Korea to retest fuel economy of Audi A3, A7

The government said Wednesday that it will retest the fuel economy of diesel-powered Audi A3 and the new A7 cars as early as in November in response to the escalating emission-fixing scandal involving Volkswagen Group.

The move came after the top global carmaker conceded that its 11 million diesel vehicles used software to evade emissions controls, far more than the 482,000 cars found in the United States.

The new Audi A3   

“The two models are the only diesel cars of the group among dozens of sample brands subject to the ministry’s 2015 fuel economy test,’’ said Chung Eui-kyung, director at the Transport Ministry.

He said the two Audi models already passed the test but the ministry decided to recheck them due to the scandal.

“The fuel economy recheck will be helpful to find similar wrongdoings of Volkswagen Group in Korea as it is based on similar procedures required for an emissions test.”

In a separate move, the nation’s Ministry of Environment announced a plan to probe the diesel version of Volkswagen Jetta, Golf and Beetle models and its sister company Audi’s A3 produced in 2014 and 2015 next month. The four models are involved in the emissions scandal in the U.S.

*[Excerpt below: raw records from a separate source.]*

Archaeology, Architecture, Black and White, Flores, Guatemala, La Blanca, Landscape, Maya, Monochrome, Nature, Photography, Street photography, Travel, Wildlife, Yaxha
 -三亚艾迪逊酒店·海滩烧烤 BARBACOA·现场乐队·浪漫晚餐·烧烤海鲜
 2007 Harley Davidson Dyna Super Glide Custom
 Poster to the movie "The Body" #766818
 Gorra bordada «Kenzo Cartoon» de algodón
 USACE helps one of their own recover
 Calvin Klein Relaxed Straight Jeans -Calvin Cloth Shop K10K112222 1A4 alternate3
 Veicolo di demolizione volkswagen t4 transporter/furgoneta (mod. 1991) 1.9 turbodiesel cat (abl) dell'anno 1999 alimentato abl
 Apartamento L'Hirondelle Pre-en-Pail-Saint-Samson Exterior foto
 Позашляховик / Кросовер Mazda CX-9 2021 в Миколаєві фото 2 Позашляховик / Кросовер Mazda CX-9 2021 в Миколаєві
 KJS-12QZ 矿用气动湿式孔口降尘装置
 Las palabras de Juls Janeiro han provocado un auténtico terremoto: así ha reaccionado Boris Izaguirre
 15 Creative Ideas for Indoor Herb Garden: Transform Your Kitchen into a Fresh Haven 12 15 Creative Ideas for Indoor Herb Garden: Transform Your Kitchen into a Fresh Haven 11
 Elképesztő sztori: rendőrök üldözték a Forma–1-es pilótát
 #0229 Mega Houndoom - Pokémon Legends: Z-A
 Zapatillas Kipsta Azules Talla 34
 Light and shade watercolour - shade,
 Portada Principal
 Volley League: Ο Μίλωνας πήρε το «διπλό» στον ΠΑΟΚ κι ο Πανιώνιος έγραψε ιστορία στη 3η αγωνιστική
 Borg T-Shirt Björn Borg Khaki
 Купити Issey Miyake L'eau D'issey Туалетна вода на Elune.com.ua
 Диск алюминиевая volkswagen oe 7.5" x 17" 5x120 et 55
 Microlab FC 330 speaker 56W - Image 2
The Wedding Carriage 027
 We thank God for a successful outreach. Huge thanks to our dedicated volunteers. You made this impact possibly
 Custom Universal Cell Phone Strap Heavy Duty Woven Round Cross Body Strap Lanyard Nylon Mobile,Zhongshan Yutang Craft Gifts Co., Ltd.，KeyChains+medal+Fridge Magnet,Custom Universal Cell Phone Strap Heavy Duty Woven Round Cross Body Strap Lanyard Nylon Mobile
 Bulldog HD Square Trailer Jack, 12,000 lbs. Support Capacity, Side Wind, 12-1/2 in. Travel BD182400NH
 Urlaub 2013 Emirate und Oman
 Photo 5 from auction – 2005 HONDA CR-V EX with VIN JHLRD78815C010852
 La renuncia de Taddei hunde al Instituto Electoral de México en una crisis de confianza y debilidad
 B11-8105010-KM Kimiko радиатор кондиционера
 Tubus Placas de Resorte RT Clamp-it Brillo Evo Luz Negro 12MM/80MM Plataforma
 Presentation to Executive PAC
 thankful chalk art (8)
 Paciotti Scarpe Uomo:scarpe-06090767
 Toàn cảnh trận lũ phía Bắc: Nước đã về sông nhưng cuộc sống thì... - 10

Both Volkswagen Korea and Audi Korea officials declined to comment on the investigation plans, repeatedly saying that they are waiting for an official stance from their headquarters in Germany on the issue.

In the meantime, the Environment Ministry has sought to introduce a system to levy sanctions for discrepancies between official and real-world emissions of diesel cars sold since 2011 in cooperation with its European counterpart.

“Among emission gases, diesel cars tend to emit more nitrogen oxide than gasoline-powered vehicles and this is why the ministry has sought the system for better air quality,” said ministry director Hong Dong-kon.

Experts estimated Volkswagen might have installed software programs in its diesel cars to lower NOx emissions to comply with U.S. emissions standards which are stricter than EU.

“The ministry was supposed to start managing the gap between the official and real world NOx emissions of large-size diesel cars from 2016,” Hong said. The same regulation will be applied to small-size diesel cars from September 2017.

Under the regulation, when a diesel carmaker breaks the rules, the ministry can stop sales of the car depending on the level of wrongdoings.

Market watchers forecast that Volkswagen’s emissions scandal could deal a blow to sales of foreign car brands in Korea, led by diesel-powered cars.

The environment authorities made it clear that if they find problems in the Volkswagen diesel cars, the probe could be expanded to all German diesel cars sold in Korea.

According to data from the Korea Automobile Importers and Distributors Association, diesel cars took about 70 percent of total foreign car sales for the first eight months of this year.